Who says Broadway has to wait until Christmas to start opening presents at the box office? Last week Rialto B.O., as if impatient for the spike that the current holiday week is sure to bring, began edging its way upward, with attendance on the rise and the entire Top 10, plus one, pulling in more than $1 million each.
Not every show on the boards climbed, but those that did tended to be the big-name titles for which demand is high enough to compel auds to shell out for higher ticket prices. The average price paid per ticket stepped up by more than $3 to $112.81, helping to push top dog “The Lion King” ($2,206,379) and “Wicked” ($2,153,08) past the $2 million mark — formerly a rare milestone that now, in the era of premium pricing, has become far more common.

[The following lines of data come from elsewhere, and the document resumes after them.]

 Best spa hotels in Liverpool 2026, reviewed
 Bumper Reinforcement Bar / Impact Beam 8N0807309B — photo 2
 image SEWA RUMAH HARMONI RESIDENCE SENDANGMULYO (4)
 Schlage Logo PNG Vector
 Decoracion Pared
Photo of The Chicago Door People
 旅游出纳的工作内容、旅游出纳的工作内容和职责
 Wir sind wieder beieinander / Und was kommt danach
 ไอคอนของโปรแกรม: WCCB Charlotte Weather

“The Book of Mormon” ($1,962,932) broke the box office record at the Eugene O’Neill Theater for the umpteenth time, last week with an average ticket pricetag of a whopping $224.28. The Shakespeare double bill of “Twelfth Night/Richard III” ($845,435) also broke the house record, a feat made even more notable by the fact that nearly a quarter of the production’s ticket inventory is sold for $25 per ticket.
The imminent closing of “Spider-Man: Turn Off the Dark” ($1,203,125) has helped turn the musical in to a box office hero again, with the show slinging its way ever upward in advance of its shuttering in early January. Family-friendly tuner “Annie” ($1,037,800) also seems to be getting a boost of last-minute sales prior to its Jan. 5 closing.

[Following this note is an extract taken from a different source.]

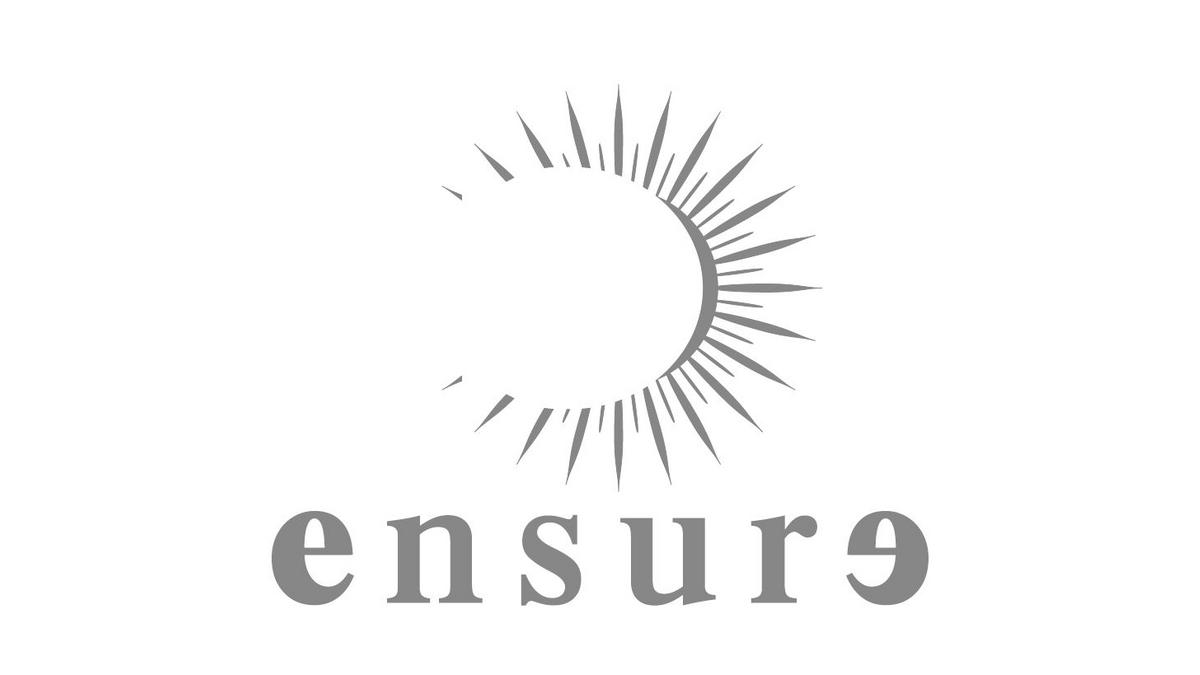 [Translate to Hongrois:]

Not every soon-to-shutter show logged gains, with “Big Fish” ($538,081) and “First Date” ($361,670) languishing in the shadow of the bigger-name attractions.

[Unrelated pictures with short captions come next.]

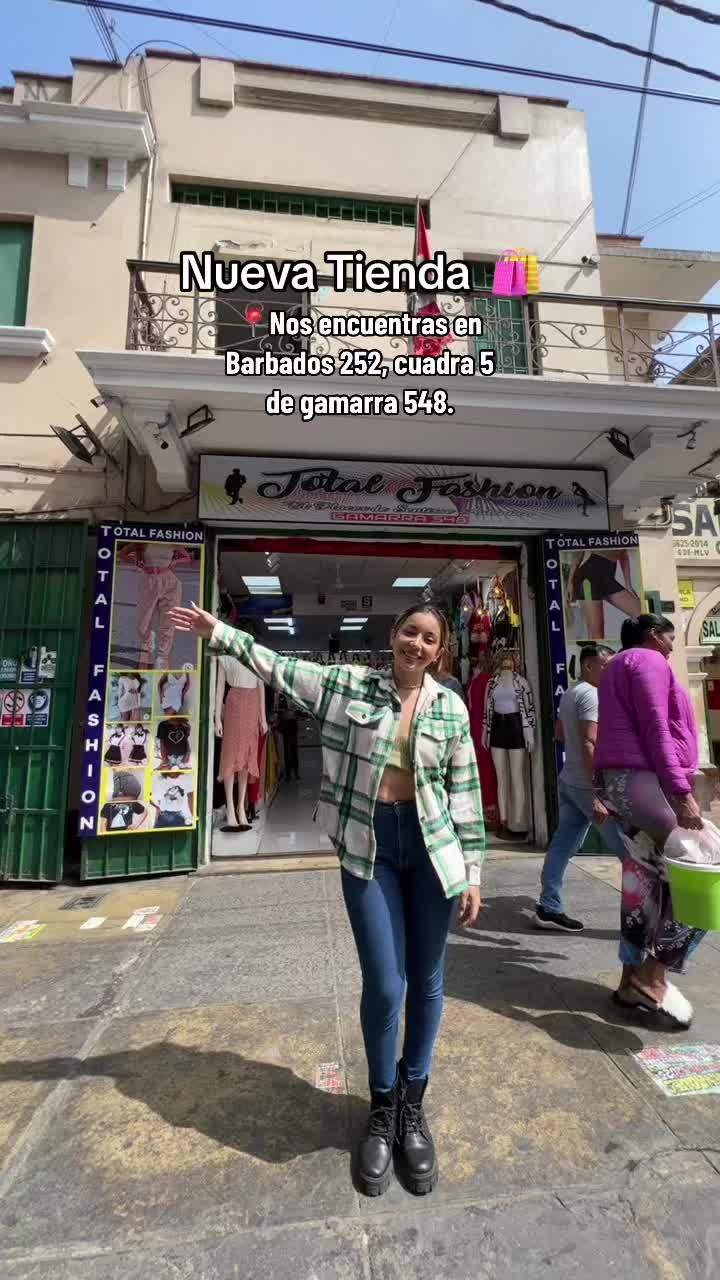 @Susan moda✨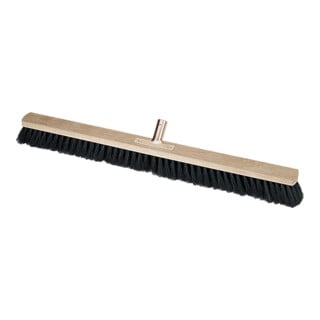 Nölle Balai de salle Q.-misch. 100 cm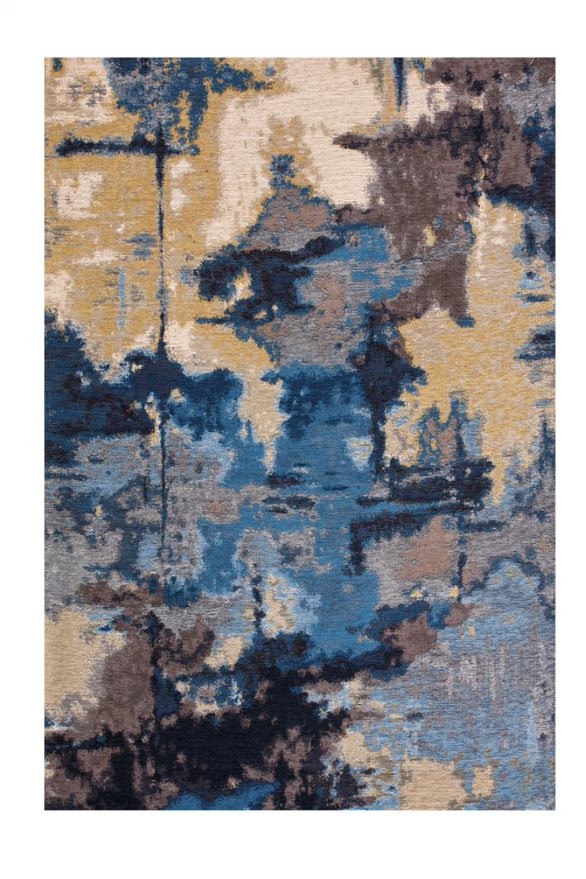 1716-Dywan-Marmara-Palette
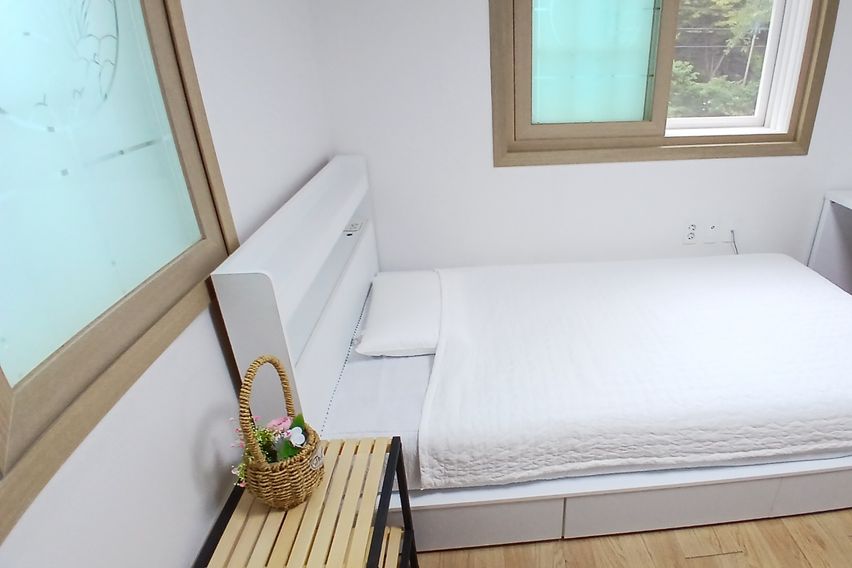 Namsan Healing Room 0th image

But another musical that, like “Annie,” also has a strong little-girl appeal, “Matilda” ($1,286,509), got a nice boost last week, pushing the show up the chart alongside fellow spring 2013 hits “Kinky Boots” ($1,719,272) and “Motown” ($1,407,739). Perennially popular old timer “The Phantom of the Opera” ($1,005,309) also pulled in enough biz to land a spot in the millionaires’ club.
As is the case in most tourist-heavy frames, plays had a tougher time attracting sales than razzle-dazzle musicals, with the exception of star-driven outings “Betrayal” ($1,276,143) with Daniel Craig and “700 Sundays” ($1,064,456) with Billy Crystal. None, however, posted sales that were dire.
Previewing Carole King musical “Beautiful” ($711,141) downshifted a bit, but still reported promising numbers for a new production with an unfamiliar title. Also previewing last week was Rebecca Hall topliner “Machinal,” the Roundabout Theater Company revival that earned $70,446 in its first four previews.
Overall Broadway cume rose about $1 million to $27.5 million for 30 shows now running, with attendance sliding up to 244,111. Look for those numbers to climb even higher this week, as the Christmas-New Year’s holidays bring a high tide of tourist auds to the Gotham area.